▶ _What is required_:
A faithful copy is needed of the lines below from the one with "Apple AirTag x1 / A2187" up to and including the one with "Femme SWEET PANTS F ICONIC HOOD JARRE"; set it down with no pictures and no other lines.

▶ _Exercise inputs_:
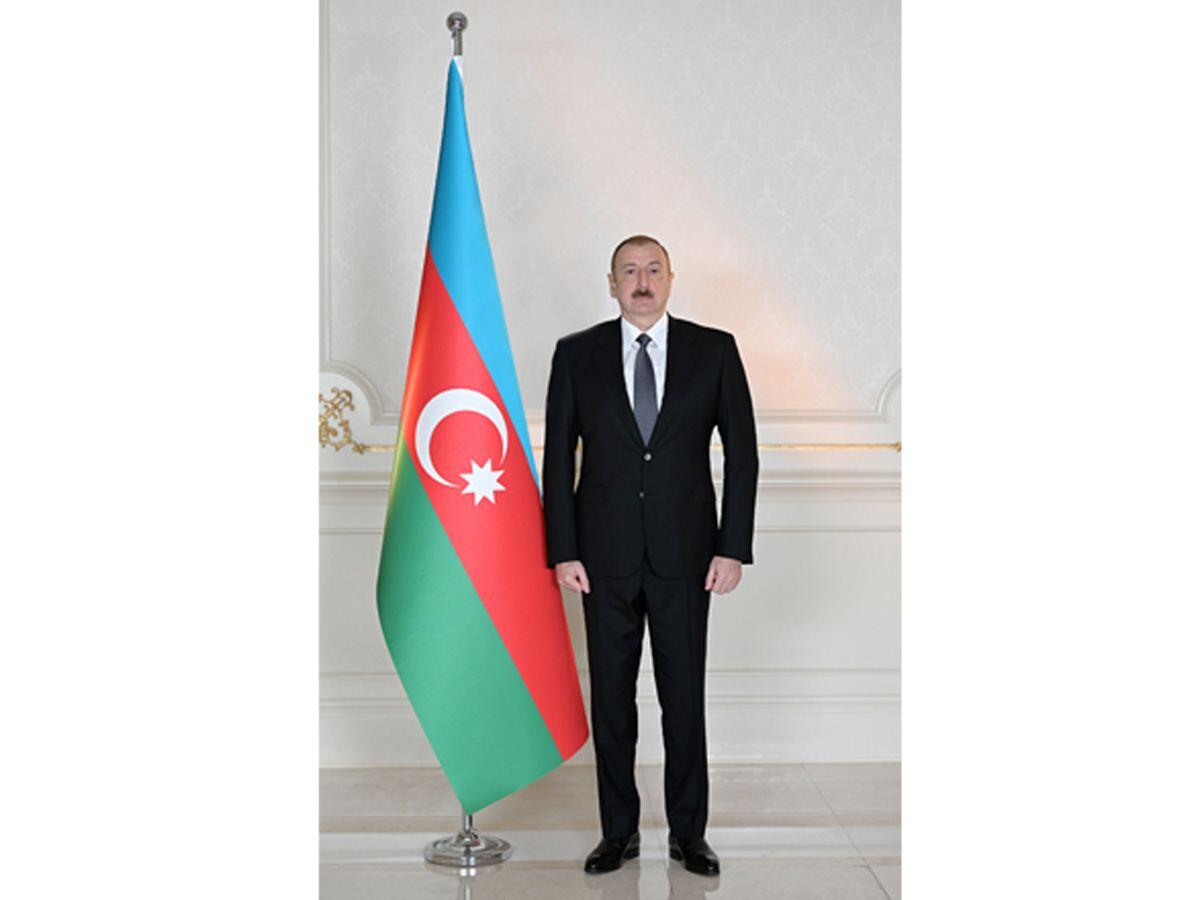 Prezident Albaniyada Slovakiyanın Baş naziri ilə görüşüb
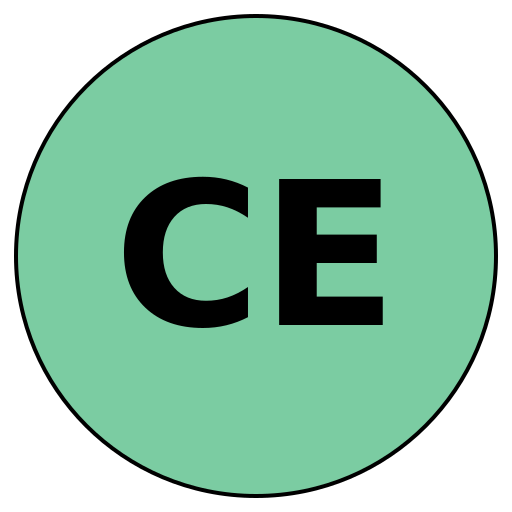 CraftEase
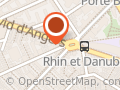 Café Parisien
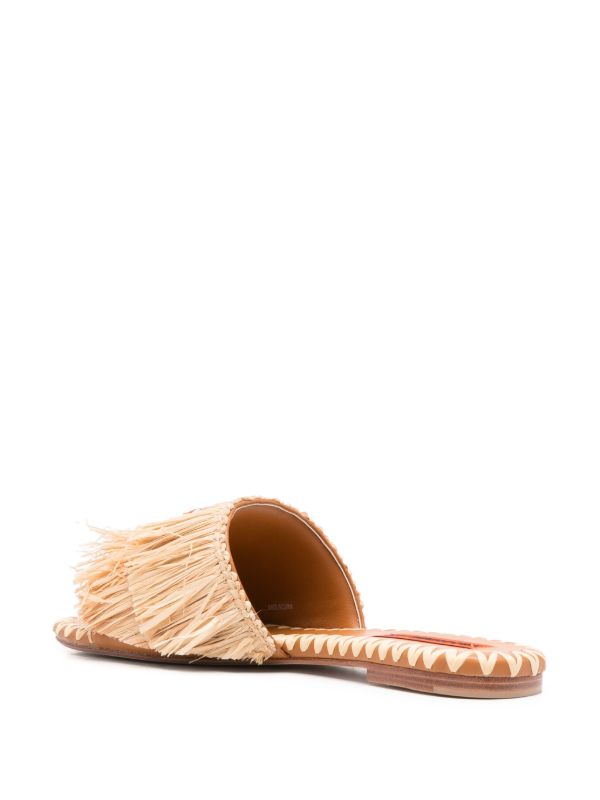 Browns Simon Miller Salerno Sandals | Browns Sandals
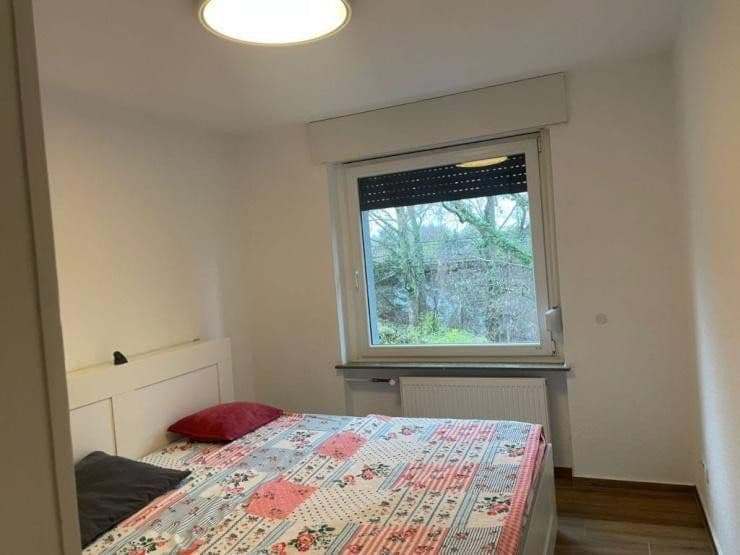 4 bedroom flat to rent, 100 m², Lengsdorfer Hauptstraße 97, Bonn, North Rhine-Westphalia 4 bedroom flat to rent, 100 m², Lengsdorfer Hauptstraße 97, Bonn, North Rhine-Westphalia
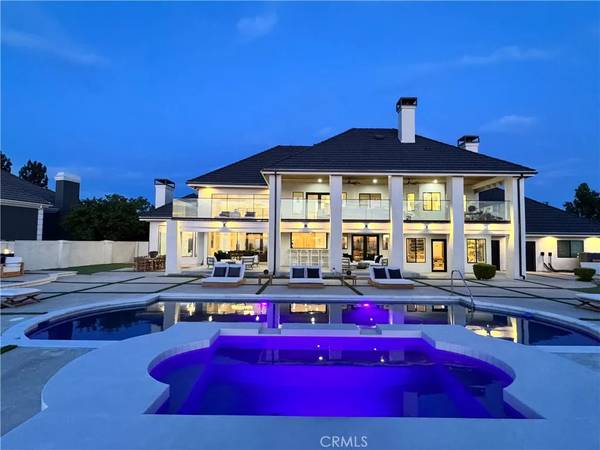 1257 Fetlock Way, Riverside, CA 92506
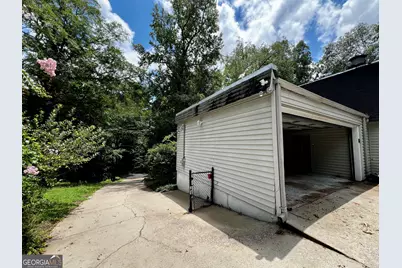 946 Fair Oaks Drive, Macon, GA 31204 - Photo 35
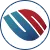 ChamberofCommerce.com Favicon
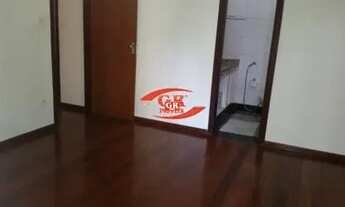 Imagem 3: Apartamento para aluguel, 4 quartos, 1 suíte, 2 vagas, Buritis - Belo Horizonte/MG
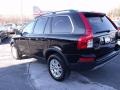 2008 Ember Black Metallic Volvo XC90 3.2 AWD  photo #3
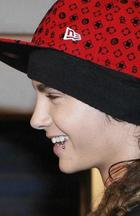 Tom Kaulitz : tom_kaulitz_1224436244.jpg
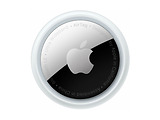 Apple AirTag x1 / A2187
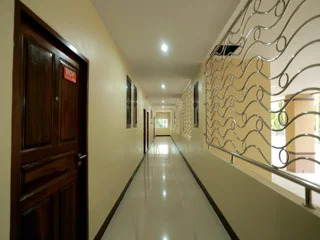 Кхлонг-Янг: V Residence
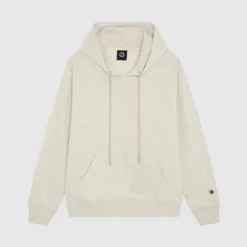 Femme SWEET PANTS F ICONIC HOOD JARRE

...

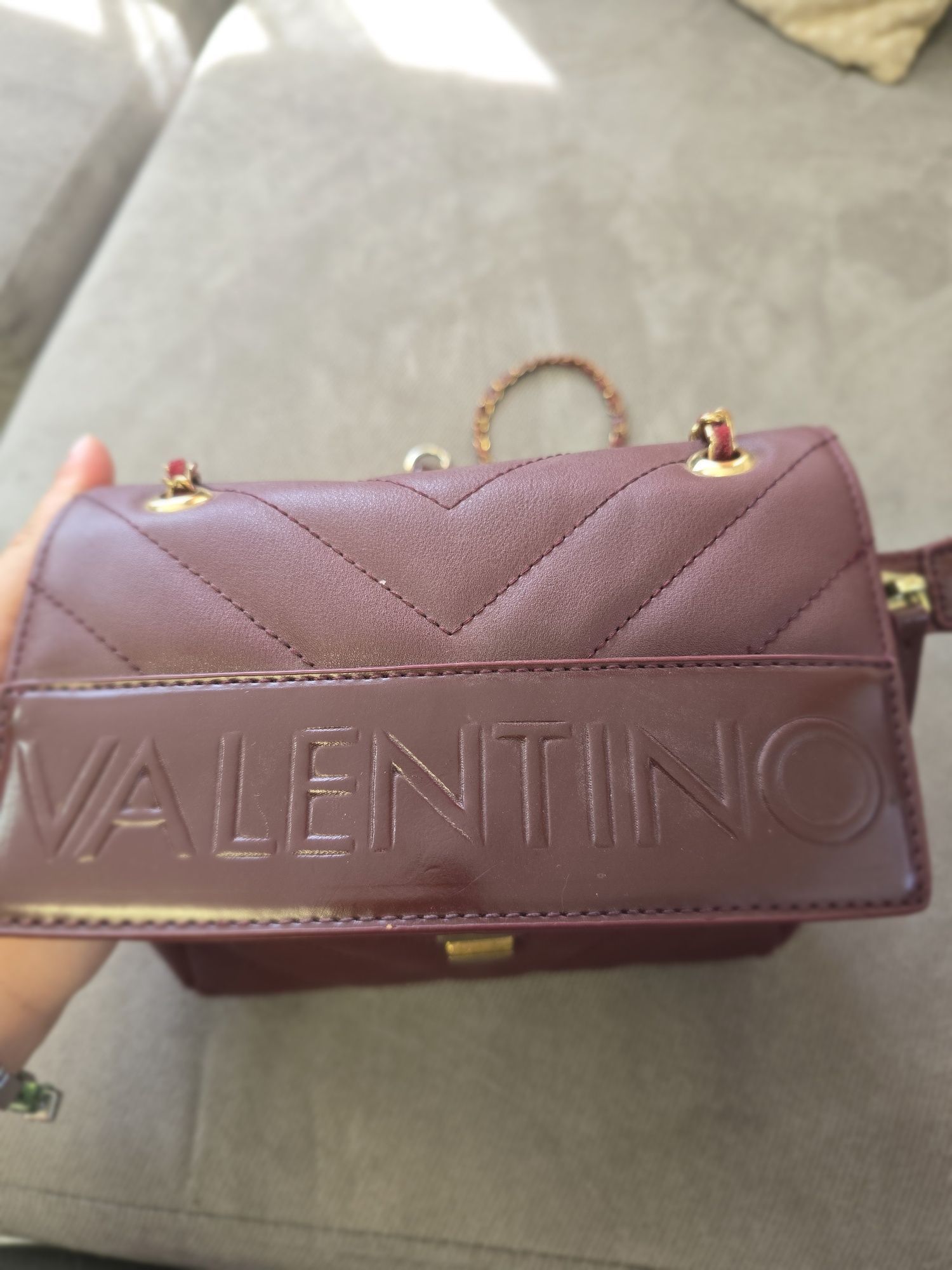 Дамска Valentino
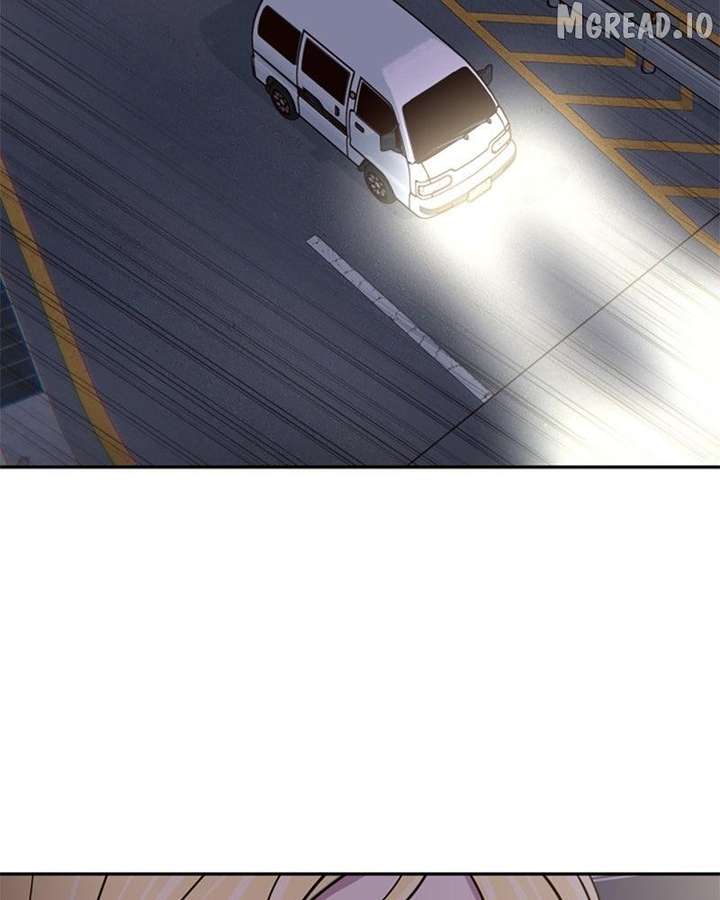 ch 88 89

▶ _Exercise response_:
 Apple AirTag x1 / A2187
 Кхлонг-Янг: V Residence
 Femme SWEET PANTS F ICONIC HOOD JARRE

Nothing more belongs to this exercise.